When accountants rule the country – irrationality and politics

By All, Citizen Behaviour

The dangerous economic myths
underlying political decision-making

When Accountants rule the country

Picture by Neil Moralee, shared under a Creative Common license

This is going to be a slightly longer post than usual. I want to share a couple of thoughts on a subject that fascinates me: irrationality in governing. I want to argue that billions of Euro’s are being spent by governments, based on bad economic ideas. These ideas are very pervasive, because they provide politicians with the illusion that they’re working very hard. But in reality, they’re making things worse.

How do you want your tax money to be spent?

As a tax-payer, you want to assume that your government uses its tax-income to make smart, rational decisions. You would like political debates to be about which investments would yield the highest societal return. Should we invest more in education? In infrastructure? In the military? Should we invest more in stimulating entrepreneurs to develop thriving businesses that generate jobs? Or should we focus more on redistributing wealth to encourage the poorest to get out of poverty? Should we accelerate spending in green energy, or is it better to remain addicted to burning cheap fossil fuels?

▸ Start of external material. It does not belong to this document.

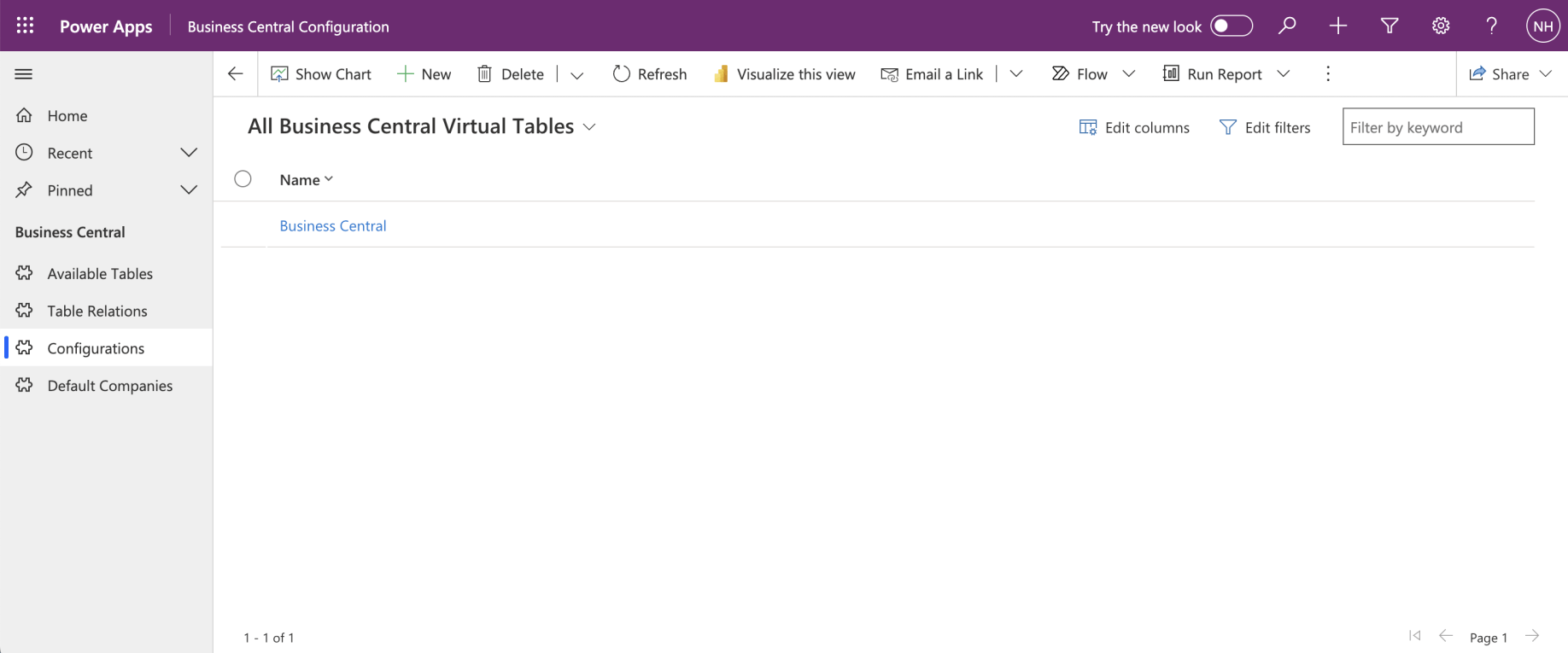 I navigated to the Configurations page and clicked on the Business Central item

Spending billions based on irrationality

Your average Western government has to make a yearly decision on how to spend billions of Euros, Pounds or Dollars. So you want that decision to be based on evidence and facts. You don’t want it to be based on irrationality. 

The problem is: this is how governments think. 

In the book “Money and Government: The past and future of economics“, History Professor – and Keynes biographer – Robert Skidelsky argues very eloquently that governments worldwide use bad economics to make big decisions on government spending. And some problematic myths form the foundation of these lousy decisions.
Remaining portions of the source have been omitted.